Increasing Learner Resilience

1 Feb

One of my favorite projects since 2020 is mentoring a pre-K-6 school in South Africa. They wanted to “Finnish” their school and make it more learner-centered, so we created a plan to modify their curriculum and focus on implementing instructional changes and embed SEL in small steps throughout the schoolyear. The foundation is in Cooperative, Constructive and Cognitive practices to collaborate with families and students, create individual learning plans for all students and focus on documenting learning when it naturally happens (instead of formally assessing every student and their skills), and marking all the developmental milestones and learning achievements in the end of the day – sometimes by sending a picture to the parents, too, to keep them connected and informed.

We all know that children learn a lot on their own, and we want to empower their explorations as much as possible to help build learner resilience – a fundamental aspect of our development, that relates to agency (our cap) and self-efficacy. Agency is our ability to make choices and self-efficacy our belief in our abilities to do thing, like learning.

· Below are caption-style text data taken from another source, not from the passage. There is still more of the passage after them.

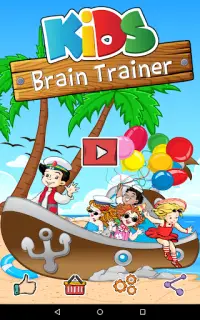 Kids Brain Trainer (Preschool) Screen Shot 6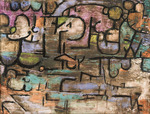 Klee, Paul - After The Flood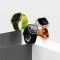 Ringke Ringke Apple Watch 10 46 mm Skal Fusion Bumper Svart - Teknikhallen.se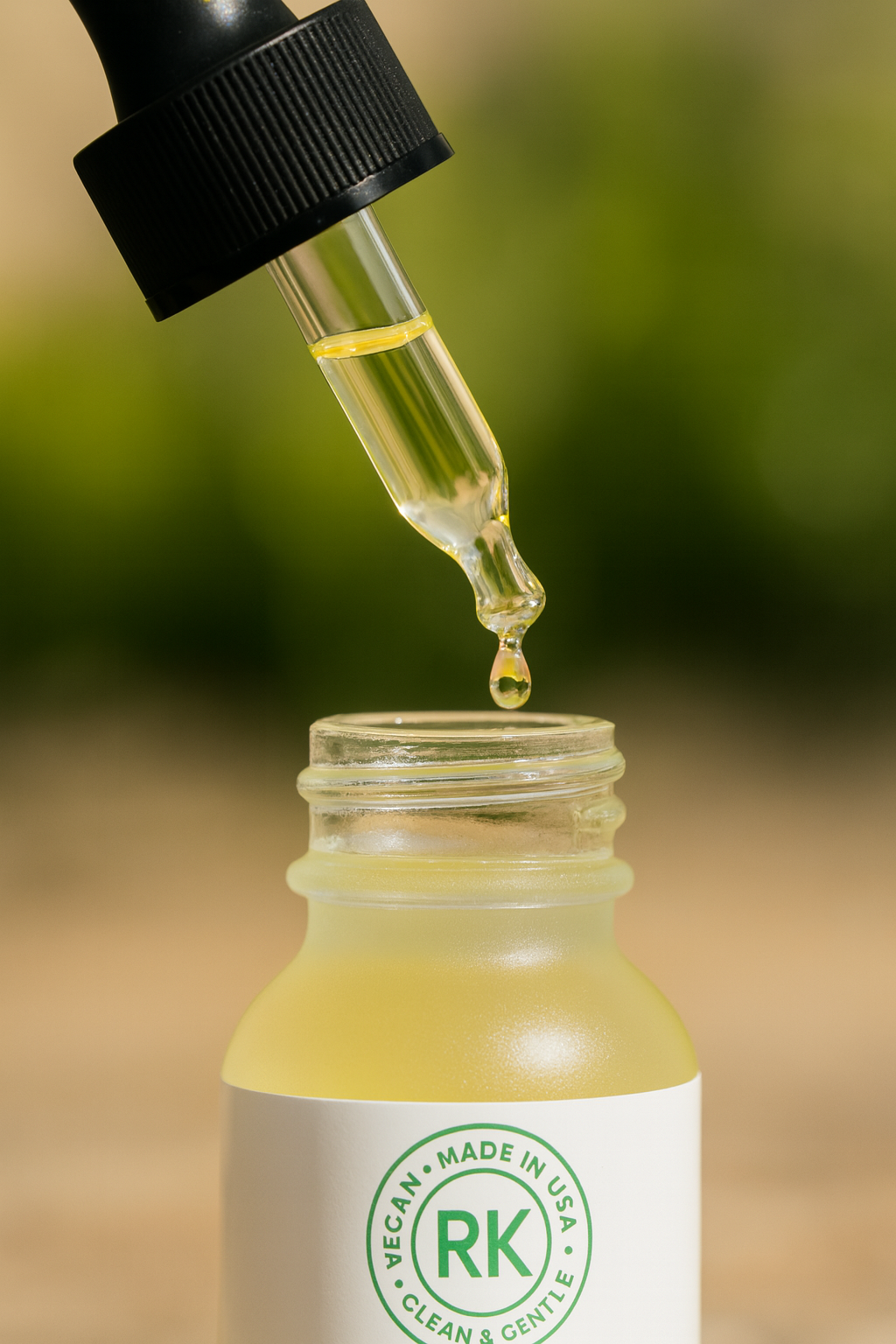 Botanical Hair Growth Serum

Fortunately, we are born curious and ready to learn. The only thing we need to do is find a way to cooperate with that curiosity and help students preserve their interest in learning and their sense of wonder – because that is where all true learning starts: wondering if, how, when, why….

As having choices helps children to build stronger learner agency and self-efficacy, I built an infographic about learner-centered education, hoping that it would be easy for Early Childhood Educators to view on mobile phones: https://choosinghowtoteach.blogspot.com/2022/04/empower-students-to-learn.html I think we cannot overemphasize the natural learning process and building on children’s play to help them learn more. Simply put, the EMPOWER stands for Environment, Motivation, Process, Ownership, WHY? Empathy & Emotions and Relationships.

Supporting students’ agency and resilience as learners is easy to do by guiding and supporting students’ natural curiosity and offering help when needed, and figuring out together why things happen. These learning experiences are a tad harder to build, as they don’t fit into pre-structured curricula. But learning cannot be restricted into universal format – learning experiences always have individual flavors and take-aways as we are building on things we have already learned.

This is also the best way for supporting adult learning resilience: offering choices for obtaining the information (reading, listening, watching, discussing…) and demonstrating the competencies (both existing and new ones) by producing a plan or presentation or portfolio, and supporting the self-efficacy of adult learners.